7. Latest Research and Future Perspectives

For Patients: Please Read Carefully

The following content is currently under research or in clinical trials and is not standard treatment available at general hospitals. It is reference information for professionals regarding future medical developments.

AI Image Diagnosis for Benign and Malignant Differentiation

Deep learning-based image diagnosis systems for skin tumors have been developed, and classification accuracy at the level of a dermatologist has been reported ⁸⁾. Combining with dermoscopic images is expected to further improve the accuracy of differentiating nevi from malignant melanoma. Application to the eyelid area remains a future challenge.

Application of Tissue Expanders to Congenital Giant Pigmented Nevi

A systematic review of staged excision using tissue expanders for congenital giant pigmented nevi has reported improvements in functional and cosmetic reconstruction ⁶⁾. In cases involving the eyelid, technical refinements are progressing to minimize impact on visual function while performing excision and reconstruction.

Association Between Nevus of Ota and Uveal Melanoma

A study of white patients with oculodermal melanocytosis reported a lifetime incidence of uveal melanoma of approximately 1 in 400, suggesting the usefulness of regular fundus examinations in patients with nevus of Ota ⁹⁾.

8. References

1. Tsao H, Bevona C, Goggins W, et al. The transformation rate of moles (melanocytic nevi) into cutaneous melanoma. Arch Dermatol. 2003;139(3):282-288.

2. Hidano A, Kajima H, Ikeda S, et al. Natural history of nevus of Ota. Arch Dermatol. 1967;95(2):187-195.
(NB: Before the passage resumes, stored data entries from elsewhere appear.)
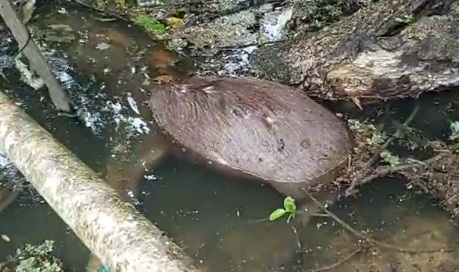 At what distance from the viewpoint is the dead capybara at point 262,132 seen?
4094 millimetres

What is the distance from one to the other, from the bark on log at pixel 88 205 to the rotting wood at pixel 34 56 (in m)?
0.87

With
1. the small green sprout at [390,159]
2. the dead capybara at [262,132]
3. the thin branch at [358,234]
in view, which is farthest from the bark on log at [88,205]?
the small green sprout at [390,159]

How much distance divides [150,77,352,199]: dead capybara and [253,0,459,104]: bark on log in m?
0.28

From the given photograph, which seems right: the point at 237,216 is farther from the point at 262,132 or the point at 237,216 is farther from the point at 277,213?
the point at 262,132

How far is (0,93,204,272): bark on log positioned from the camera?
252cm

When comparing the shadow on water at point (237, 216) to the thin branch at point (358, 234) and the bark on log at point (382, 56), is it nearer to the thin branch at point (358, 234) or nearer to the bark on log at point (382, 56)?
the thin branch at point (358, 234)

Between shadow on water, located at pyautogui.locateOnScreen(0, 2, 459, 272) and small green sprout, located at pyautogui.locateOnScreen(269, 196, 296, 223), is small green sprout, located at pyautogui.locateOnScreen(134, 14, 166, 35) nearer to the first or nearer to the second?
shadow on water, located at pyautogui.locateOnScreen(0, 2, 459, 272)

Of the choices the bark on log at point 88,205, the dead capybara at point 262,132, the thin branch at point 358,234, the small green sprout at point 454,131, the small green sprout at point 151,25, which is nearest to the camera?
the bark on log at point 88,205

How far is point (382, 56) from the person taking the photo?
454 centimetres

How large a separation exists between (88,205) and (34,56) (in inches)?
74.7

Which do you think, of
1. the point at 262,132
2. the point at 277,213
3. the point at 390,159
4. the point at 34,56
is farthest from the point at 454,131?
the point at 34,56

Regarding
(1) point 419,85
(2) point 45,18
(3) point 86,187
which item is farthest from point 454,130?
(2) point 45,18

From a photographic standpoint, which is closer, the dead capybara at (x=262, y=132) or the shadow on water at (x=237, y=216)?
the shadow on water at (x=237, y=216)

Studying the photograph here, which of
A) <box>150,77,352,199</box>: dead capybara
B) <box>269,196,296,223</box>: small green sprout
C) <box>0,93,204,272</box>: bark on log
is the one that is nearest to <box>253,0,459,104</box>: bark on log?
<box>150,77,352,199</box>: dead capybara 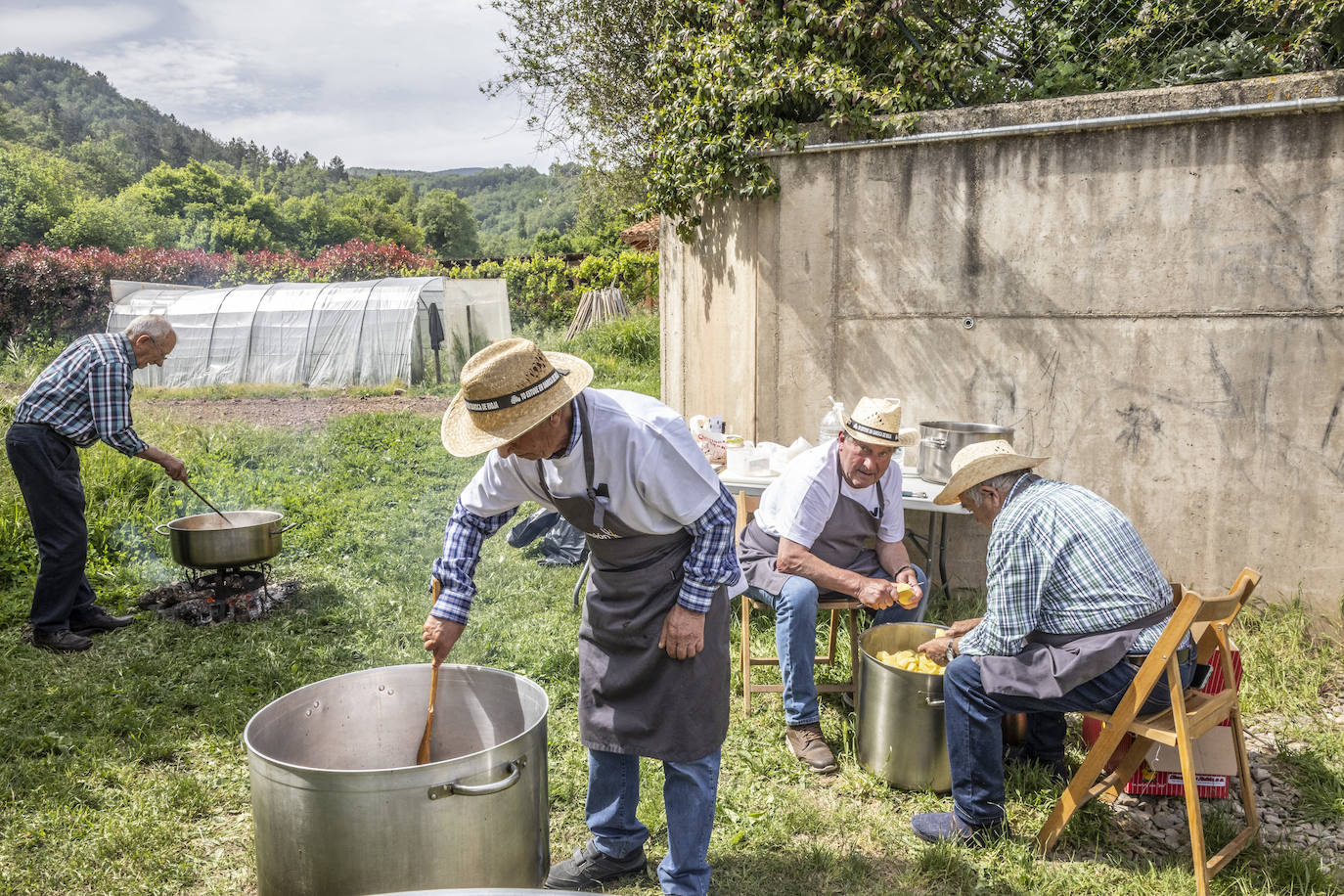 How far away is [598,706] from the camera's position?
8.95 feet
3. Abbasi NR, Shaw HM, Rigel DS, et al. Early diagnosis of cutaneous melanoma: revisiting the ABCD criteria. JAMA. 2004;292(22):2771-2776.

4. Argenziano G, Soyer HP, Chimenti S, et al. Dermoscopy of pigmented skin lesions: results of a consensus meeting. J Am Acad Dermatol. 2003;48(5):679-693.

5. Chan HH, Kono T. The use of lasers and intense pulsed light sources for the treatment of pigmentary lesions. Skin Therapy Lett. 2004;9(8):5-7.

6. Kishi K, Matsuda N, Kubota Y, et al. Systematic review: staged excision and tissue expansion for giant congenital melanocytic nevi. J Plast Reconstr Aesthet Surg. 2022;75(1):1-15.

7. Shain AH, Yeh I, Kovalyshyn I, et al. The genetic evolution of melanoma from precursor lesions. N Engl J Med. 2015;373(20):1926-1936.

8. Esteva A, Kuprel B, Novoa RA, et al. Dermatologist-level classification of skin cancer with deep neural networks. Nature. 2017;542(7639):115-118.

9. Singh AD, De Potter P, Fijal BA, et al. Lifetime prevalence of uveal melanoma in white patients with oculo(dermal) melanocytosis. Ophthalmology. 1998;105(1):195-198.